___ Supplied data ___
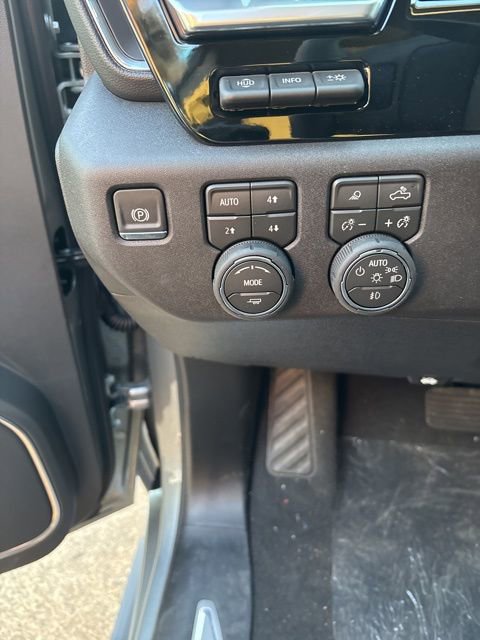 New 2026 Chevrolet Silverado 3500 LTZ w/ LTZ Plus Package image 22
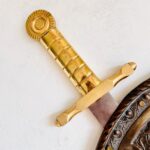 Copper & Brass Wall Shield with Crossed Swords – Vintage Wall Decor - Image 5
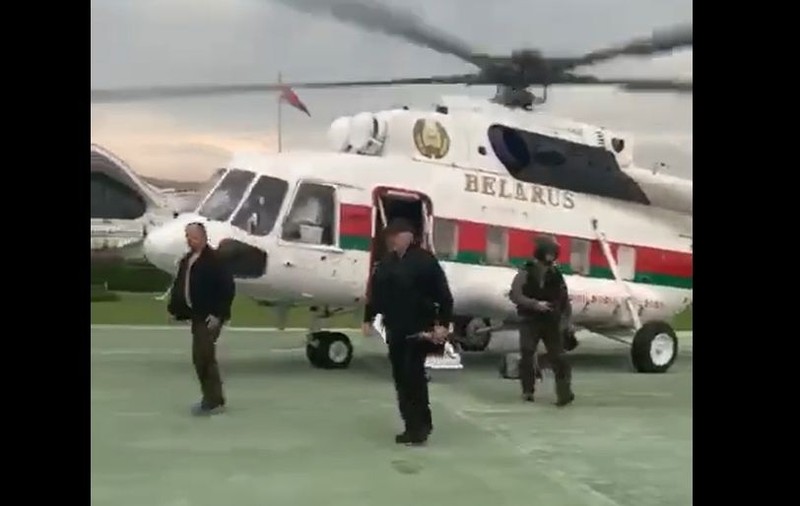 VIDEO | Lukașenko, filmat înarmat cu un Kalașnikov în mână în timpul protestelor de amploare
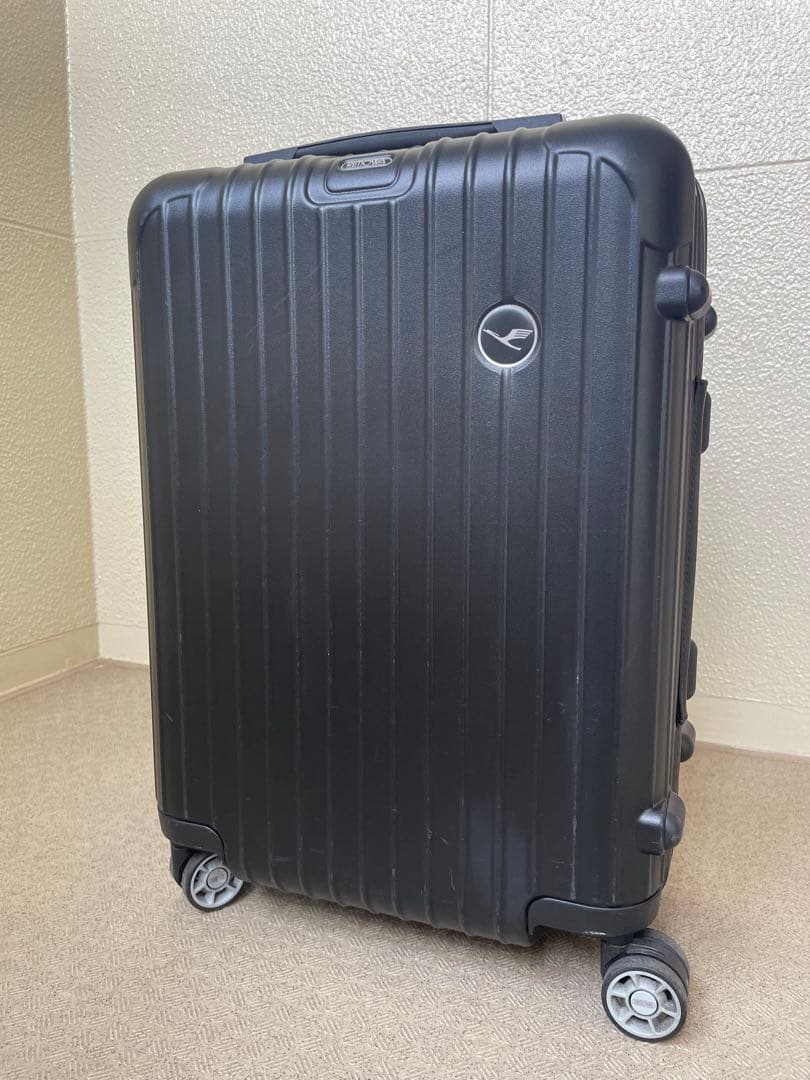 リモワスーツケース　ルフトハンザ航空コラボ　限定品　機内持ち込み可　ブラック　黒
___
What this task involves
Working from the line that contains "VIDEO | Lukașenko, filmat" to the last line of the listing, please quote each line exactly, pictures excluded.

Result
 VIDEO | Lukașenko, filmat înarmat cu un Kalașnikov în mână în timpul protestelor de amploare
 リモワスーツケース　ルフトハンザ航空コラボ　限定品　機内持ち込み可　ブラック　黒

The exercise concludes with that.